New national wonder the Moai Statues (those Easter Island heads) gives a production bonus to every water tile, giving watery civilizations a real boost. Similarly, new naval units and rules may at last give naval powers a chance. Privateers are basically pirate ships that let you attack without being identified, while the Ship of the Line is a frigate beater. Modern vessels, the Attack Submarine, Missile Cruiser and Stealth Destroyer, perpetuate the sea battles; the new blockade rules allow all ships to seriously affect a rival’s trade and cut off strategic resources.
Espionage has been completely overhauled and adds potential for the ancient spymaster. Whereas before, Spy units could only be built after learning Communism, now they can be up and running after developing Writing. What’s more, their missions don’t spend your hard earned gold any more, instead drawing on your stock of espionage points. These accumulate every turn and are initially split equally among every civilization you’ve encountered, but can be spread any way you like, enabling you to focus on a particular civilization at a crucial time - before starting a war, say.

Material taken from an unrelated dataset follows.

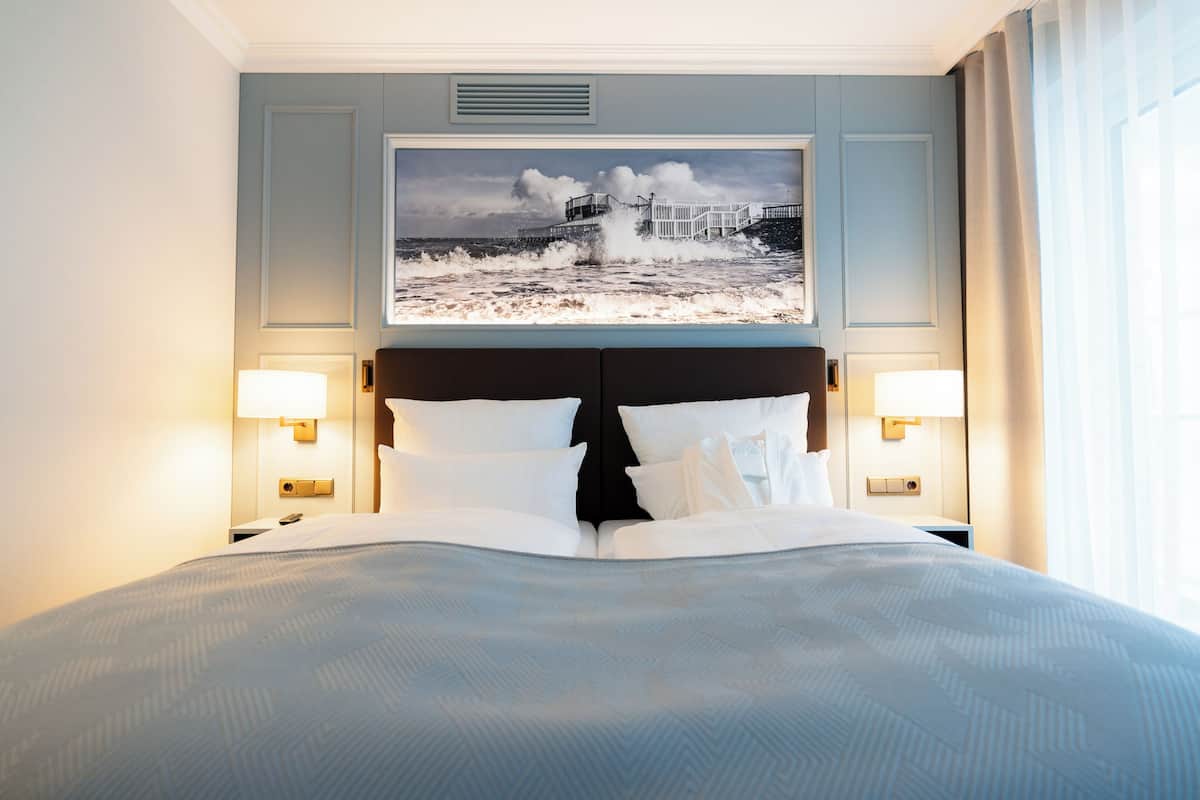 Habitación de hotel con una cama grande, dos lámparas de noche, un cabecero y un televisor empotrado en la pared mostrando una escena costera.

While the new espionage system puts Spy units into the action much earlier than before, so the new Corporation feature extends, or more accurately mirrors, the function that religion plays in Civ. Once you discover the Corporation technology, you can - given the right conditions - found a corporation and spread its custom in much the same way as religions spread, with Corporate Executives adopting the missionary position. Those conditions are the limiting factor, though, demanding an additional tech, a Great Person and at least one resource to found it.